Oh, Yikes! History's Grossest, Wackiest Moments

by Joy Masoff     Illus. by Terry Sirrell
Long Anecdotal Reference
Genre: Non-Fiction

Did you know that about 2000 years ago the Mayans used to play a game that was kind of like soccer and basketball and that sometimes the WINNERS of the game would get their heads chopped off? Did you know that in 1896 someone invented a drill that you could use on your face to make dimples? Did you know that in the 1500s one of the jobs you could get was as a "groom of the stool"?

These are some of the bizarre factoids I read about in this amusing book. It is a history book unlike any other you are likely to read in school. In it, the author tells about everything from how the Olympics started (naked) to hairstyles of the rich and famous in the 1700s (held up with beef lard) to the history of underwear (the word "underpants" didn't appear in a dictionary until the 1930s). You can find out where the word "dracula" came from, how and why the Great Wall of China was built, and how Coca-Cola was invented.

I also really appreciated how she set the (hi-)story straight on many popular myths. She mentions that Thomas Edison did NOT invent the electric light (that would be Humphry Davy, 50 years earlier) and explains why we recognize Christopher Columbus as the "discoverer" of the Americas even though Leif Eriksson (a Norseman) got here almost 500 years earlier. She even explains Daylight Saving Time, one of my most hated events! Benjamin Franklin suggested it in an newspaper editorial — as a joke!

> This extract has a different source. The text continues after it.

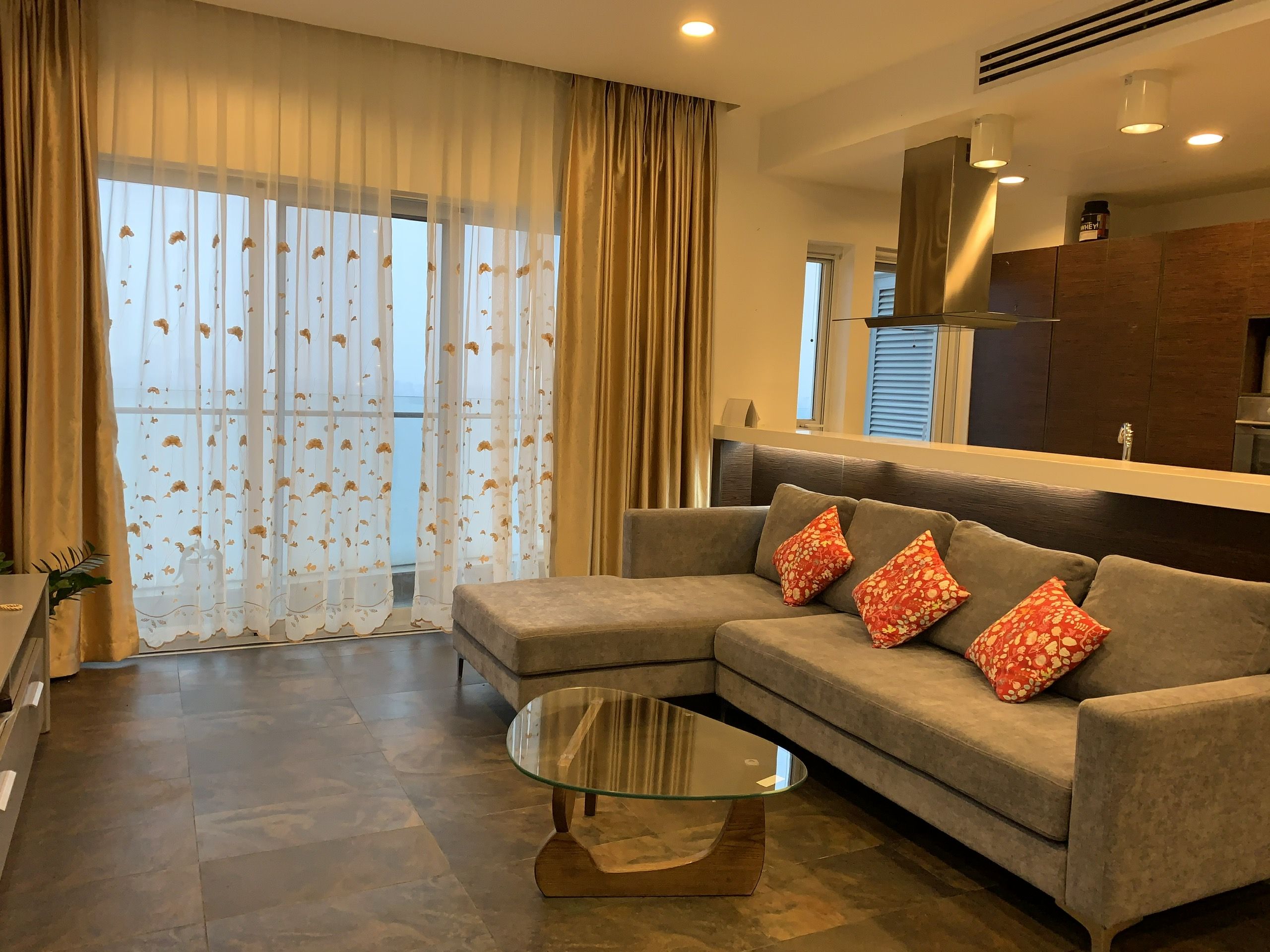 Cho thuê căn hộ Golden Westlake, 2 ngủ, 2 vệ sinh, full đồ, sửa mới đẹp, view trực diện Hồ tây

So, though I am not a fan of studying history the old-fashioned way, I really did enjoy this history book. I learned so much. For example, I never realized how useful urine was. Did you know that ancient Romans used to brush their teeth with it and that Vikings would mix it with the lanolin in sheep's wool to make soap? If this kind of information makes you go "Ew! Tell me more!", then this book is for you!

By the way, the "groom of the stool" I mentioned above? He was the king's butt wiper. Yup, the butt wiper.